Dan’s thumb wavered as it hovered over the screen. He swallowed hard. Dan pressed the button. The older guy walking toward him bolted out of the way right before he mowed him down. Dan teetered to the side before he slammed his phone back in his pocket and pressured his calves into pushing forward faster.
Dan tapped the comm in his ear. “I set off the security alert for Torres Industries. Cop
s will be en route, which means you’ve got ten minutes.”
The second he turned the comm off, he picked up his phone again, his hands shaking with the pounding of his footsteps as he didn’t dare break his stride.
“Nilo?” Vanessa’s voice came over the other end.
“I need you to do me a favor, no questions asked.”
Twenty-Seven
They’d flirted with screwed, passed fucked beyond measure, and vaulted straight into dead-on-arrival territory.

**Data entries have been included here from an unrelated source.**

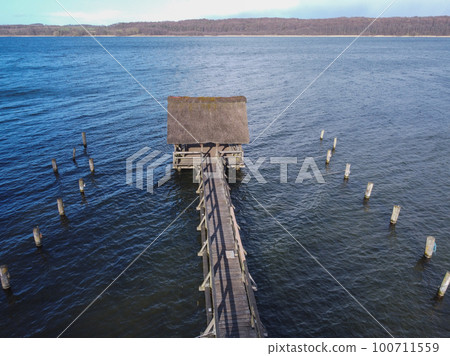 Daytime neutral density filter natural minimalist seascape pier. View of boats Daytime neutral density filter natural minimalist seascape pier. View of boats 100711559
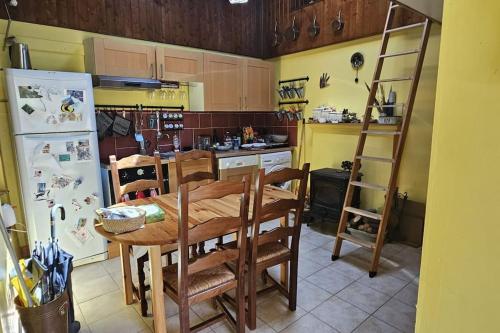 une cuisine avec une table en bois et un réfrigérateur dans l'établissement Maison cosy à la montagne, à La Chalp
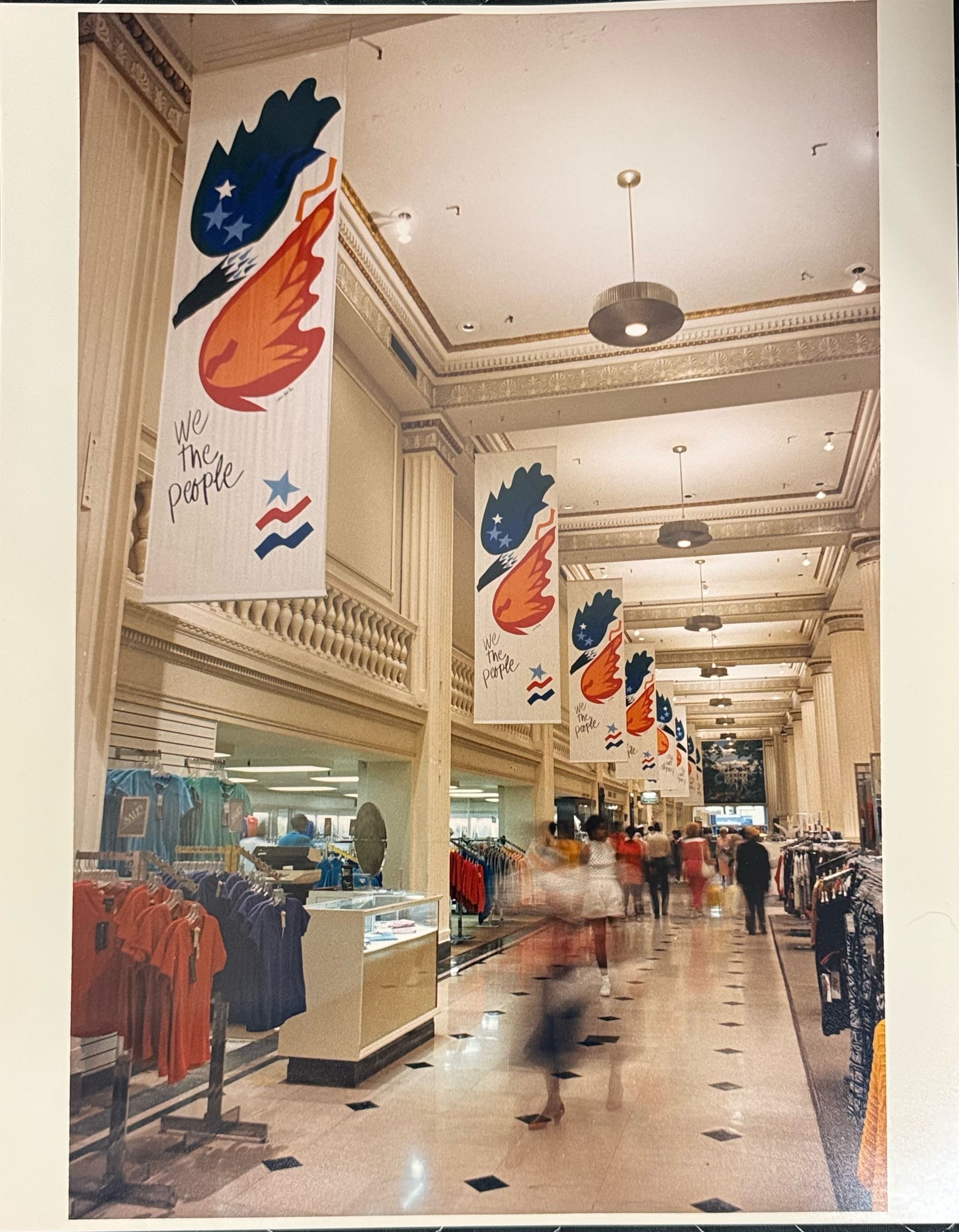 Ornate, high-ceilinged clothing store with Maitin’s banners in the corridor, featuring a blue & orange swooping eagle.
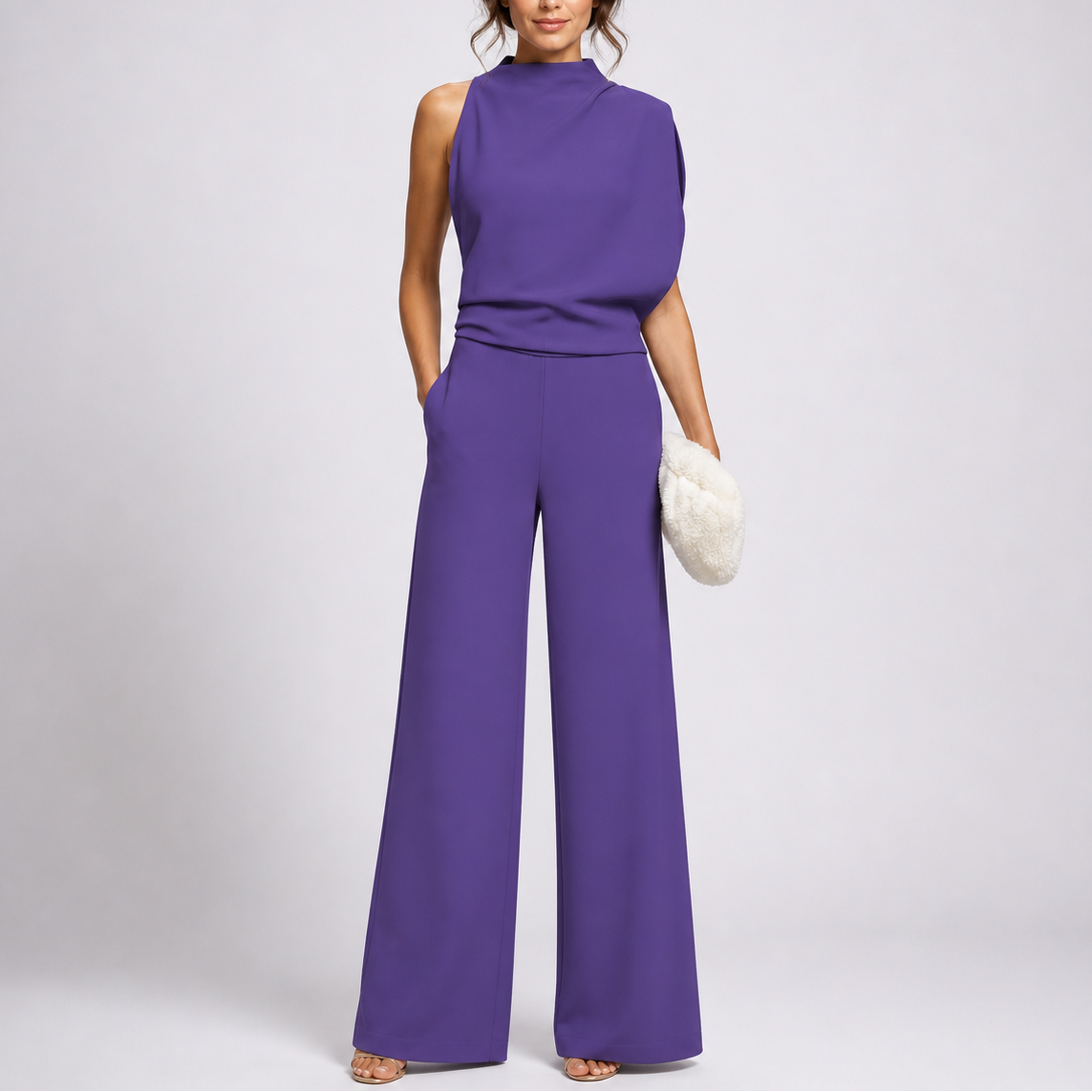 Violetter Overall mit hohem Kragen und weiten Beinen, vom Model mit heller Fellclutch und Sandaletten getragen 3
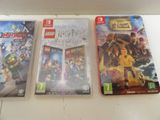 three nintendo wii games are sitting on a counter top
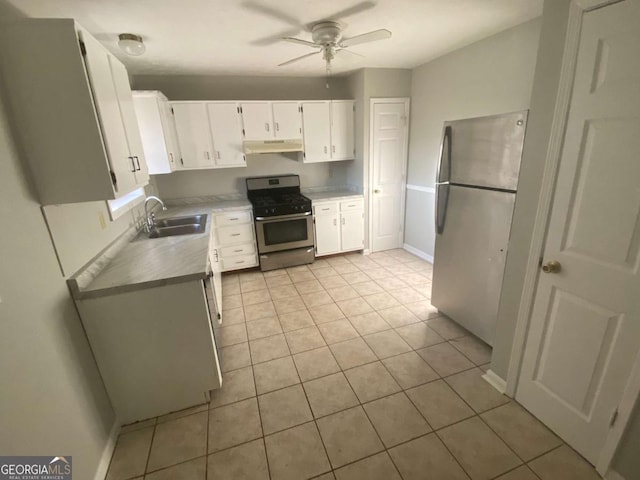 kitchen featuring light countertops, appliances with stainless steel finishes, white cabinetry, a sink, and under cabinet range hood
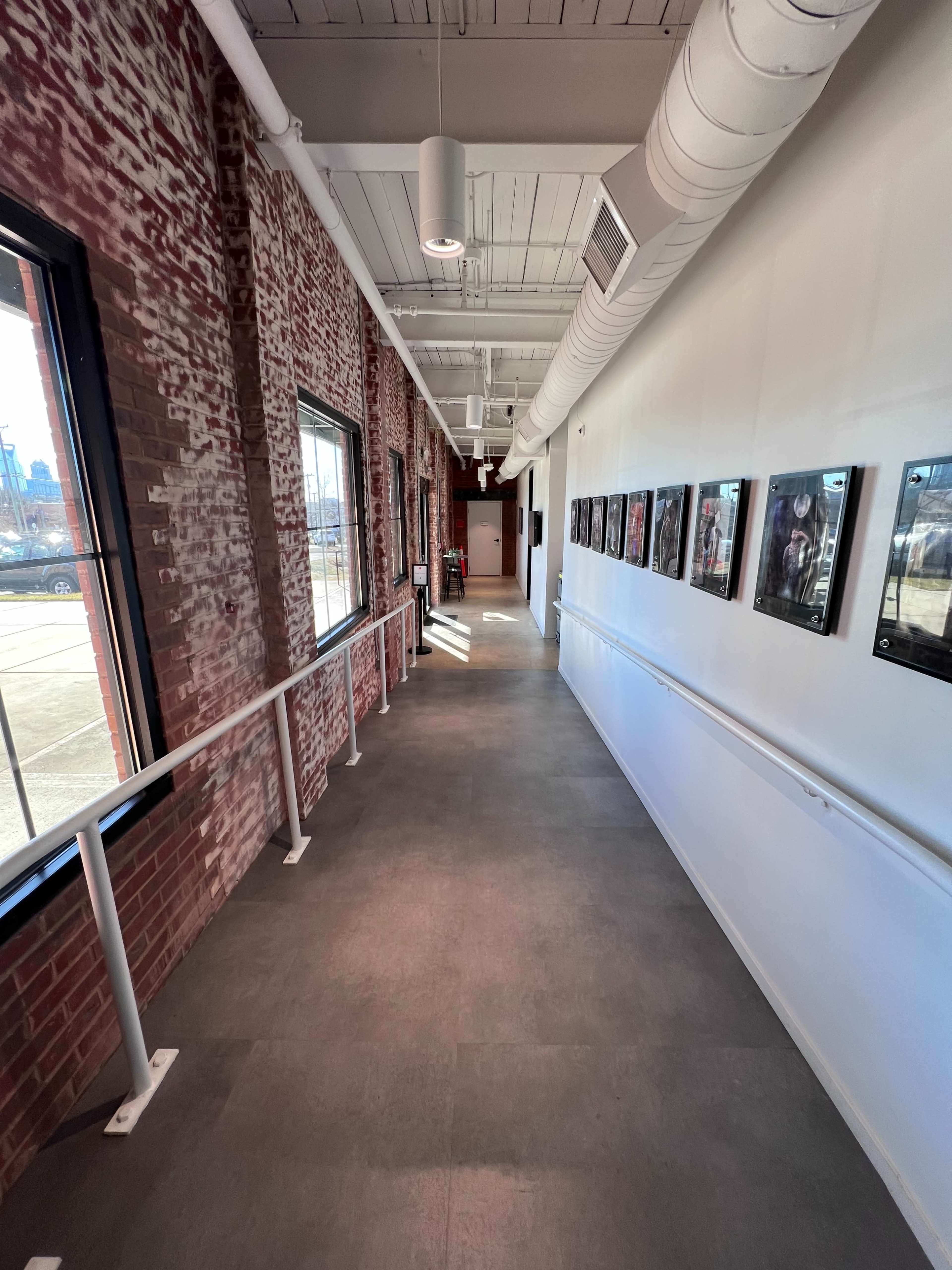 The image shows a long hallway with brick walls, framed photos on one side, and a smooth floor leading to a door at the end.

Grif raced through the emergency exit door after his quick work with a magnet to disable the electromagnetic sensor. Already, the steady pounding of footsteps echoed from the opposite side of the building, and the ding-ding-ding of the rising elevator hitting floor after floor reverberated through the place. He, Scarlet, and Alanna raced neck and neck down these steps, more like a concrete cattle chute than a staircase, even though they’d be as much of a nightmare as the other steps.
Ten minutes.
Ten minutes and the cops would be descending upon this building. The Aon Center would have top-of-the-line alarm systems installed—that sort of shit went off, and the police squads wouldn’t be idling.
Grif wasn’t sure whether he wanted to curse Dan or kiss him, but the action gave them a definite deadline. Given the fact they’d been slower on the steps and Alanna already nursed a slug to the gut, they couldn’t drop the whole way down from here. They’d have to chance the elevator if they hoped to make it in time.
Grif raced down the staircase, Alanna following so close she’d almost slammed into him twice now. Scarlet trailed behind, lagging after their strenuous climb. His calves flexed, just beginning to protest. Their footsteps barely made a shummp shummp, but with the way Grif’s senses grew violin-string tense, the reverberations echoed like they stomped the whole way.